Source material Block Start

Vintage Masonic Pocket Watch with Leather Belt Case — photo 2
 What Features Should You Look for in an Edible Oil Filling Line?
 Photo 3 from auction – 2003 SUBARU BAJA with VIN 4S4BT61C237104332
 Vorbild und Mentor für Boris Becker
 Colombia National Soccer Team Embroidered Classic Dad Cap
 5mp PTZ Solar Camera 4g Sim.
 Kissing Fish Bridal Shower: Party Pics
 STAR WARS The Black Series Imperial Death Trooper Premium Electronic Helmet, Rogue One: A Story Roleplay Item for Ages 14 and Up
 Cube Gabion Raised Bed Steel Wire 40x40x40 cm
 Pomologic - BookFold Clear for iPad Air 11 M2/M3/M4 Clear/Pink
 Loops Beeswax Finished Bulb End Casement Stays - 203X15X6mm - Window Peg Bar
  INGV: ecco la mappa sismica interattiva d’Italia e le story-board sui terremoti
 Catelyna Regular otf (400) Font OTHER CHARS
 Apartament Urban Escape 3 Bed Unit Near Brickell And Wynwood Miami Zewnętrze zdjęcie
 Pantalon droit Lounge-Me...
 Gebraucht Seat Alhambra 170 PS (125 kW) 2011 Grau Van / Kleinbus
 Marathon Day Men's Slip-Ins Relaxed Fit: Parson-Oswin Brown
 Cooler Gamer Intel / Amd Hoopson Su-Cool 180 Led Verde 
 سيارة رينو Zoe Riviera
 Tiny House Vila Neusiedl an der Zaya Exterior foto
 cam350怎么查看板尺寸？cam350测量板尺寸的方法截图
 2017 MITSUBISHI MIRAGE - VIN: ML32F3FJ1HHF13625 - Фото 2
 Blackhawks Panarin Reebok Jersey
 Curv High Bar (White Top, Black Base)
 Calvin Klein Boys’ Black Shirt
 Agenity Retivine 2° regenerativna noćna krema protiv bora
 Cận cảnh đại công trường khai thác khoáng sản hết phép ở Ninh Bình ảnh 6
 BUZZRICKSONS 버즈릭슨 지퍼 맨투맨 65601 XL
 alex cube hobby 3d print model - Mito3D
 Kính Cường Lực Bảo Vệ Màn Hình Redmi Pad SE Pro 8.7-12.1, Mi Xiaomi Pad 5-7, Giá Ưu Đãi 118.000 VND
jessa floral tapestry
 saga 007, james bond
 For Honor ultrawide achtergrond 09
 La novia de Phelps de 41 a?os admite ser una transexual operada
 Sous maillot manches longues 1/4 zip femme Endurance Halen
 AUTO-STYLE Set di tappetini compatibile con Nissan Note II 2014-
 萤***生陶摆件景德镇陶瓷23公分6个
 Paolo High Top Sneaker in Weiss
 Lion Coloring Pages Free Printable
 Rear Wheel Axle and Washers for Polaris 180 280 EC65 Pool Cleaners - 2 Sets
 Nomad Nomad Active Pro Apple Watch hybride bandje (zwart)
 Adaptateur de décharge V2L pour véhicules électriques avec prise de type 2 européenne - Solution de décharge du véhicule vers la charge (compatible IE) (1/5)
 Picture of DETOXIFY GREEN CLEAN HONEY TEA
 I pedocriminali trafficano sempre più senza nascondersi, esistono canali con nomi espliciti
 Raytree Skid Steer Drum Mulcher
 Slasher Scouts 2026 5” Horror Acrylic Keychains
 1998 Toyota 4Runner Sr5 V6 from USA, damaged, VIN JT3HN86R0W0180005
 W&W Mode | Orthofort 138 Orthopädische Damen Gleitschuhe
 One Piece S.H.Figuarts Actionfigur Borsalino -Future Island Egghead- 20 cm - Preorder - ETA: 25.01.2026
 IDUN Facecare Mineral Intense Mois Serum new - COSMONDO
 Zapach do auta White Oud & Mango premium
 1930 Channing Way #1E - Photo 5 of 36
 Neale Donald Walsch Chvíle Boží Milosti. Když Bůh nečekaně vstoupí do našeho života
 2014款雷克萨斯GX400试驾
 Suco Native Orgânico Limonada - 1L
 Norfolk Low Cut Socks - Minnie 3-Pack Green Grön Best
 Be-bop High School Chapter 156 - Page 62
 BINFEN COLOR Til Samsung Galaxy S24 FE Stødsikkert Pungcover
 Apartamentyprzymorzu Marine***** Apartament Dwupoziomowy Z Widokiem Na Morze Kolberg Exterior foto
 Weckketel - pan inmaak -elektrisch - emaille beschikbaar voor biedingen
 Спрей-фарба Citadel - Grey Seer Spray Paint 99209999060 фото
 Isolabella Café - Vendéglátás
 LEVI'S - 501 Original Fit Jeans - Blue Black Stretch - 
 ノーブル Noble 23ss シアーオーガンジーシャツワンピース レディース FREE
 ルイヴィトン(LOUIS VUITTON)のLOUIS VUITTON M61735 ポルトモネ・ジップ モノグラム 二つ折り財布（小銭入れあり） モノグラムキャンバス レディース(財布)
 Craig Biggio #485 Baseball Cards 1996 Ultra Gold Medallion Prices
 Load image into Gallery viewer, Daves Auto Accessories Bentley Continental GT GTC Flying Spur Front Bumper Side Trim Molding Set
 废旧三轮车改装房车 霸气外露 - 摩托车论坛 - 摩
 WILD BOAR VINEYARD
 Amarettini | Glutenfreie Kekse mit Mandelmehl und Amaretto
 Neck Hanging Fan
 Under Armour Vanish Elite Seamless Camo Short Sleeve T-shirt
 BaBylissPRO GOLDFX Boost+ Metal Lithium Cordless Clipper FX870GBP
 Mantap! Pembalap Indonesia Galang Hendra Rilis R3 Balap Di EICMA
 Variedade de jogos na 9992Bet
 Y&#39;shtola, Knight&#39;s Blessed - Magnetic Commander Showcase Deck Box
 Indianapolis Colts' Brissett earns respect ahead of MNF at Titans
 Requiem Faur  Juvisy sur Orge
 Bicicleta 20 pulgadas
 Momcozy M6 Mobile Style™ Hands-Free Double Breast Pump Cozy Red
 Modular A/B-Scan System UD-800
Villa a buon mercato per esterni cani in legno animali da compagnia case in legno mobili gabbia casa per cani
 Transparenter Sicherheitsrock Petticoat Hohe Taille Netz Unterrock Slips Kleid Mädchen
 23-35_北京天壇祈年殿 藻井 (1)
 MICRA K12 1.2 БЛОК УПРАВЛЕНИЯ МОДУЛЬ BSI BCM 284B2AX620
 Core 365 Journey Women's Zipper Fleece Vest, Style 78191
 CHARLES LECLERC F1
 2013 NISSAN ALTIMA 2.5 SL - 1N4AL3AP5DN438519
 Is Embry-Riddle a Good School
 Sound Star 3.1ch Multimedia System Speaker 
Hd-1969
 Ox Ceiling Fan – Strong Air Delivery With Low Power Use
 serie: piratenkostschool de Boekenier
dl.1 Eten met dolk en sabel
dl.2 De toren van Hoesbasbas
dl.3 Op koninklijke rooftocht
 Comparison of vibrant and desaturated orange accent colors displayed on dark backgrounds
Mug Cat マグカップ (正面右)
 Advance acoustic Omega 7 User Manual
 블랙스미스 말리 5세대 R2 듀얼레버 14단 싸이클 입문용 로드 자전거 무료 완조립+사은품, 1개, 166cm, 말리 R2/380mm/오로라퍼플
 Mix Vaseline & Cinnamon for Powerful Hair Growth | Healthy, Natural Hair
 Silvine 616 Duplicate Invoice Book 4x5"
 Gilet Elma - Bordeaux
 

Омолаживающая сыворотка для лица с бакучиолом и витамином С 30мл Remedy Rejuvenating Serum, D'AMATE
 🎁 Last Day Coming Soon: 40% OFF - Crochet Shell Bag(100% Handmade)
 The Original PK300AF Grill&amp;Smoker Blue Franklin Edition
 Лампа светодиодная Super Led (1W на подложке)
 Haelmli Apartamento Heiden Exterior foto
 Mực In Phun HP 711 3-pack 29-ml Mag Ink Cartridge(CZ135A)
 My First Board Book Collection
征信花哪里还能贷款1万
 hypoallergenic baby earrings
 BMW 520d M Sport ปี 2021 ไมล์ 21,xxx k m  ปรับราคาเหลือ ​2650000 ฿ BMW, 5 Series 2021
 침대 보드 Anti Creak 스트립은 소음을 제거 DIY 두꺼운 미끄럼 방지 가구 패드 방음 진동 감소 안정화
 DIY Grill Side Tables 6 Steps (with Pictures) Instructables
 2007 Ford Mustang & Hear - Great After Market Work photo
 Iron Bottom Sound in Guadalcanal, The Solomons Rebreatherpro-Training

Source material Block End

» What you are asked to do
In the answer, return exactly the lines from the line containing "Mix Vaseline &" to the end of the records above, and no others.

» Exercise answer
 Mix Vaseline & Cinnamon for Powerful Hair Growth | Healthy, Natural Hair
 Silvine 616 Duplicate Invoice Book 4x5"
 Gilet Elma - Bordeaux
 

Омолаживающая сыворотка для лица с бакучиолом и витамином С 30мл Remedy Rejuvenating Serum, D'AMATE
 🎁 Last Day Coming Soon: 40% OFF - Crochet Shell Bag(100% Handmade)
 The Original PK300AF Grill&amp;Smoker Blue Franklin Edition
 Лампа светодиодная Super Led (1W на подложке)
 Haelmli Apartamento Heiden Exterior foto
 Mực In Phun HP 711 3-pack 29-ml Mag Ink Cartridge(CZ135A)
 My First Board Book Collection
征信花哪里还能贷款1万
 hypoallergenic baby earrings
 BMW 520d M Sport ปี 2021 ไมล์ 21,xxx k m  ปรับราคาเหลือ ​2650000 ฿ BMW, 5 Series 2021
 침대 보드 Anti Creak 스트립은 소음을 제거 DIY 두꺼운 미끄럼 방지 가구 패드 방음 진동 감소 안정화
 DIY Grill Side Tables 6 Steps (with Pictures) Instructables
 2007 Ford Mustang & Hear - Great After Market Work photo
 Iron Bottom Sound in Guadalcanal, The Solomons Rebreatherpro-Training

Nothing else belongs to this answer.